As described herein, we may, at our option, redeem the Securities,
in whole but not in part, on (i) any day falling in the period
commencing on (and
including) ,
20 and ending on (and including) the first
Reset Date or (ii) any day falling in the period commencing on
(and including) the date that is six months before any subsequent
Reset Date and ending on (and including) such Reset Date at 100% of
their principal amount, together with any accrued but unpaid
interest (which excludes any interest cancelled or deemed cancelled
as described herein) to (but excluding) the date fixed for
redemption.
As described herein, we may also, at our option, redeem the
Securities, in whole but not in part, at any time in the event of a
change in certain U.K. regulatory capital requirements or upon the
occurrence of certain tax events as described herein at 100% of
their principal amount, together with any accrued but unpaid
interest (which excludes any interest cancelled or deemed cancelled
as described herein) to (but excluding) the date fixed for
redemption.
If a Capital Adequacy Trigger Event (as defined herein) occurs,
then an Automatic Conversion (as defined herein) will occur on the
Conversion Date (as defined herein), at which point all of the
Issuer’s obligations under the Securities (other than certain
Issuer obligations in connection with the Conversion Shares Offer
(as defined herein), if any, which are referred to herein as the
CSO Obligations) shall be irrevocably and automatically released in
consideration of the Issuer’s issuance of the Conversion Shares (as
defined herein) to the Conversion Shares Depository (as defined
herein) (or other relevant recipient as described herein), and
under no circumstances shall such released obligations be
reinstated. The Conversion Shares shall initially be registered in
the name of the Conversion Shares Depository (which shall hold the
Conversion Shares on behalf of the holders of the Securities) or
the relevant recipient in accordance with the terms of Securities.

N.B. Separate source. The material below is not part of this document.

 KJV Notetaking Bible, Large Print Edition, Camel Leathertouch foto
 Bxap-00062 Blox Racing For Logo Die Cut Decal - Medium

As more fully described herein, the Issuer may elect, in its sole
and absolute discretion, that a Conversion Shares Offer be made by
the Conversion Shares Depository to all or some of the then
existing shareholders of the Issuer. The realizable value of any
Conversion Shares received by a holder of the Securities following
an Automatic Conversion may be significantly less than the
Conversion Price (as defined herein) of £1.65 initially and holders
of the Securities could lose all or part of their investment in the
Securities as a result of the Automatic Conversion.